§ **Work instructions**:
Although the records contain pictures, only their text should be repeated, exactly as it stands.

Pictures with short captions:
━━━━━━━━━━━━━━━━

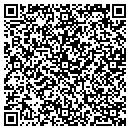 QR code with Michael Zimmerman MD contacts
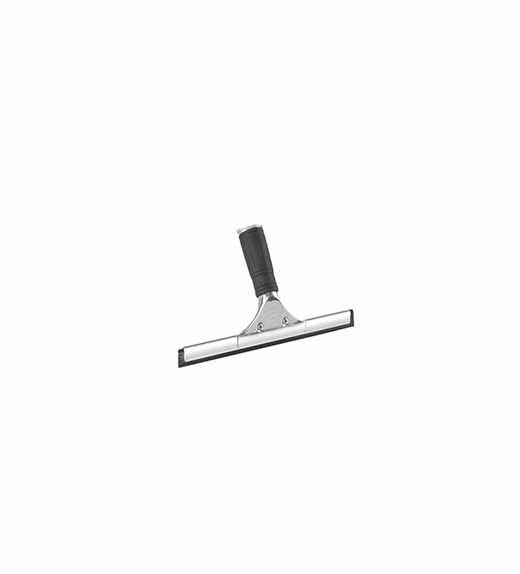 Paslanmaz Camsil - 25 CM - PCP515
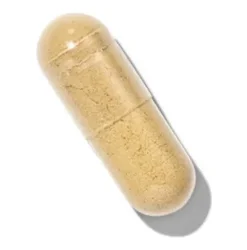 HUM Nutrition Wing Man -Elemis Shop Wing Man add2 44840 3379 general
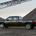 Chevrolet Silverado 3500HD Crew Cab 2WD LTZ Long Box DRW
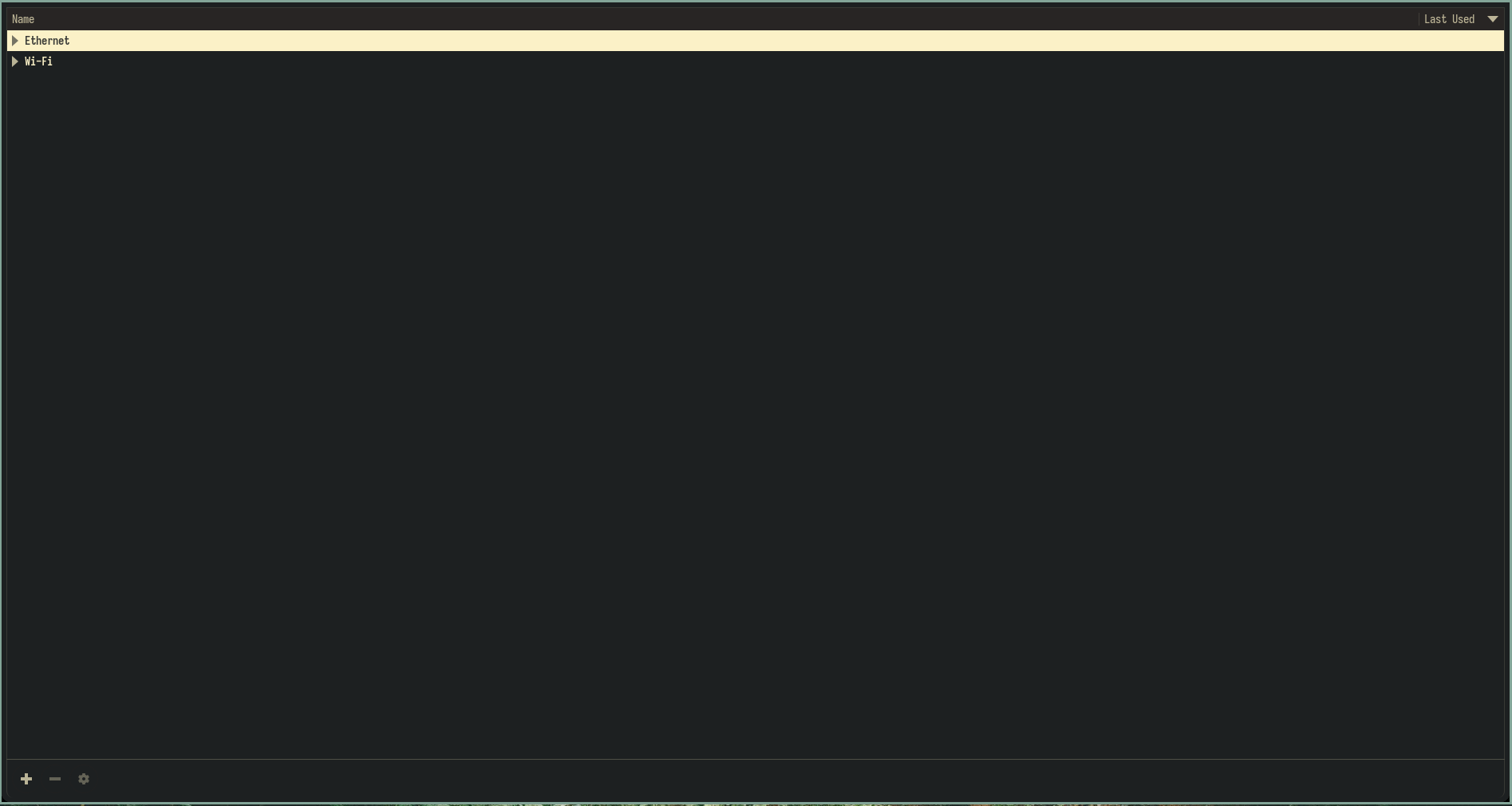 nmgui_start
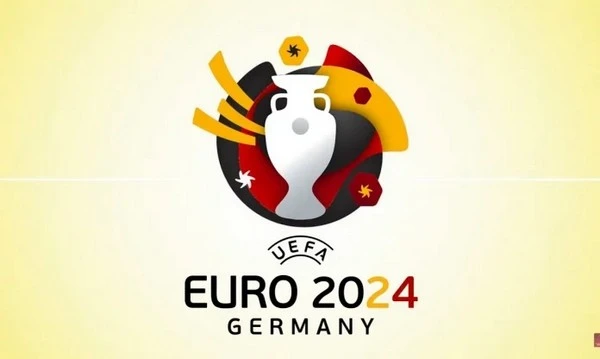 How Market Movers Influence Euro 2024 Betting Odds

━━━━━━━━━━━━━━━━

§ **Output for this exercise**:
 QR code with Michael Zimmerman MD contacts
 Paslanmaz Camsil - 25 CM - PCP515
 HUM Nutrition Wing Man -Elemis Shop Wing Man add2 44840 3379 general
 Chevrolet Silverado 3500HD Crew Cab 2WD LTZ Long Box DRW
 nmgui_start
 How Market Movers Influence Euro 2024 Betting Odds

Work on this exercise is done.